2020 Fiscal Year Research-status Report
早期変形性関節症の軟骨下骨骨量減少の機序解明:骨細胞アポトーシスとRANKL発現
Project/Area Number |
20K09443
|
Research Institution | Kindai University |
Principal Investigator |
赤木 將男 近畿大学, 医学部, 教授 (00273441)
|
Co-Investigator(Kenkyū-buntansha) |
橋本 和彦 近畿大学, 医学部, 講師 (10635569)
墳本 一郎 近畿大学, 医学部, 講師 (20770051)
|
Project Period (FY) |
2020-04-01 – 2023-03-31
|
Keywords | 早期変形性膝関節症 / 軟骨下骨 / 骨粗鬆化 / 骨細胞 / アポトーシス |
Outline of Annual Research Achievements |
1)DMM (内側半月板不安定化) 手術:動物実験は全て医学部共同研究施設実験動物共同研究室の倫理委員会の承認を経て行った。
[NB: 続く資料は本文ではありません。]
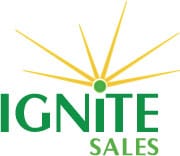 Ignite-Sales-Logo-BD.jpg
実験には40週齢のC57BL/6雄マウスを使用し、左膝にDMM (内側半月板不安定化) 手術を全身麻酔下に施行した。まず、膝蓋骨近位から脛骨平原遠位まで約1cmの正中皮膚切開を行った。次に、内側傍膝蓋アプローチにて関節包を切開し、関節内内側から顆間領域を露出させた。Medial meniscus (MM)とMedial menisco-tibial ligament (MMTL)を同定した。その後、MMTLを尖刃刀で切離しMMが不安定化したことを確認した。生理食塩水で洗浄後に、関節包と皮膚を5-0ナイロンで閉創した。右膝にはSham手術(皮膚と関節包のみをDMM側と同様に切開、生理食塩水で洗浄後に同様に閉創)を実施した。手術後はケージ内で自然飼育とした。術後0, 1, 2, 4, 8週(各群n=3)でマウスを安楽死させた。 2)軟骨変性の評価:DMM手術後の経時的な軟骨変性の程度をSafranin-O染色により評価した。評価にはModified Mankin Scoreを用いた。DMM群ではSham群に比較して術後2週から軟骨変性が進行する傾向が認められ、術後4, 8週でModified Mankin Scoreには統計学的に有意な差を認めた。 3)軟骨下骨骨粗鬆化の評価:脛骨骨端線より近位の骨量を新たに購入したマイクロCT(Rigaku社製のCosmo Scan GXⅡ)を使用して行った。撮影条件は148μm等方性ボクセルサイズ、電圧90kV、電流88μA、撮影時間は4分とした。解析パラメーターは軟骨下骨のbone volume density (BV/TV)とし、マイクロCTに付属の自動解析ソフトを使用して評価した。DMM群ではSham群に比較して術後1-2週からBV/TVが減少する傾向が認められ、術後4, 8週で統計学的に有意な差を認めた。 4)各群はn=3と少なくデータの信頼度は低いが、DMM手術により、関節軟骨と軟骨下骨の骨粗鬆化が同時に進行する傾向があることが分かった
|
Current Status of Research Progress |
Current Status of Research Progress
2: Research has progressed on the whole more than it was originally planned.
Reason
予備的実験としてはおおむね順調で予想された結果が得られたと考える。今後は評価の精度を高めるため、DMM群とSham群をマウス個体ごとに分け(右膝のみの手術とする)、各群n=6として術後0, 1, 2, 4, 8週で安楽死させて経時的な観察を行う。
|
Strategy for Future Research Activity |
予定通りDMM手術によるマウス膝変形性膝関節症(OA)モデルを用いて研究を進める。組織学的評価として関節軟骨の評価(Mankin score)に加え、軟骨下骨における破骨細胞数の評価(TRAP染色)、骨組織の免疫組織学的検討(骨細胞のアポトーシス(Casp3発現)とRANKL発現)を行う。また、フクシン染色を用いて軟骨下骨プレートや骨梁におけるマイクロダメージの評価を行う。マイクロCTによる軟骨下骨の評価では、完全な自動化ではなく、一部マニュアル操作を加えて評価精度を高める。脛骨骨端線より近位の骨量、骨梁構造の変化を調べる。さらに、抗RANKL抗体(OYC1)および抗アポトーシス薬剤QVD (ApInh)の投与により軟骨下骨骨量低下と軟骨変性の進行を抑制できるかを術後4週および8週において確認し、我々の仮説を検証する。
|
Causes of Carryover |
実験室内に既存の試薬を使用することが出来た為、試薬購入費用が予算額を下回ったが、令和3年度に高額な抗体を購入予定であり、令和2年度未使用額は令和3年度に使用予定である。